Deleted – The Game is an interactive web drama developed by indie producers GEN247 about a group of characters who unwittingly become entangled in an identity theft scheme to rig the 2008 US elections. The show's creators combined a 12-webisode drama series with a sprawling interactive social game that allowed the audience to help the show's characters solve problems and puzzles along the way communicating through popular social media like MySpace and Facebook and blogs. In the course of these interactions with the characters, the audience would affect the way events in the story unfolded.

Production
The project was conceived in March 2008, went into production in May 2008. A pre-marketing campaign was released June 2008 quickly finding a following on the ARG site Unfiction. The show was officially launched on 15 August 2008 on the Deleted – The Game website but was widely distributed on a creative commons license sharealike scheme through YouTube, Kewego and iTunes.

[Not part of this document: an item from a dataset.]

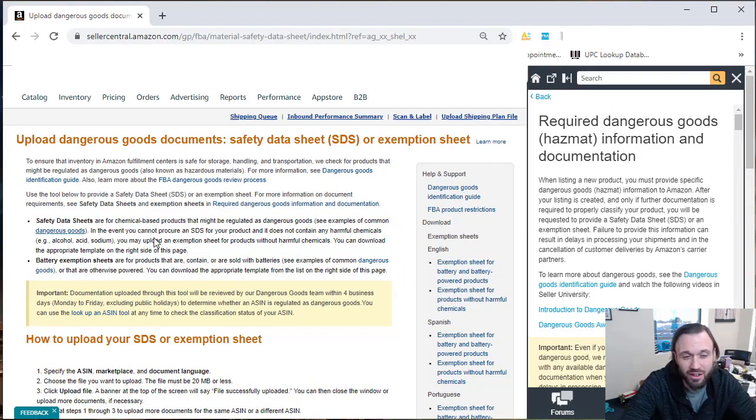It gives you some information — I'd encourage reading it. Basically it says that safety data sheets are for chemical-based products that might be regulated as dangerous goods. In the event that an SDS for your product doesn't contain any harmful chemicals, it will be switched from a hazmat to a non-hazmat.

Filming took place entirely in the New York environs with audience members noting that a fair number of scenes were filmed in the New York's West Village and Meat Packing District although latter scenes did play out in Brooklyn's Williamsburg neighborhood. There are various accounts of the production budget but the project seems to have been produced on a $1,000 to $2,000 per minute scale.

Reviews

Awards
13th Webby Awards, June 8, 2009 - The title was officially nominated and won the People's Voice Award for Best Experimental Online Film & Video category and was made an official honoree for Best Use of Interactive Video.

14th Webby Awards, June, 2010 - The title was officially nominated for Best Experimental Online Film & Video category and  Best Use of Interactive Video.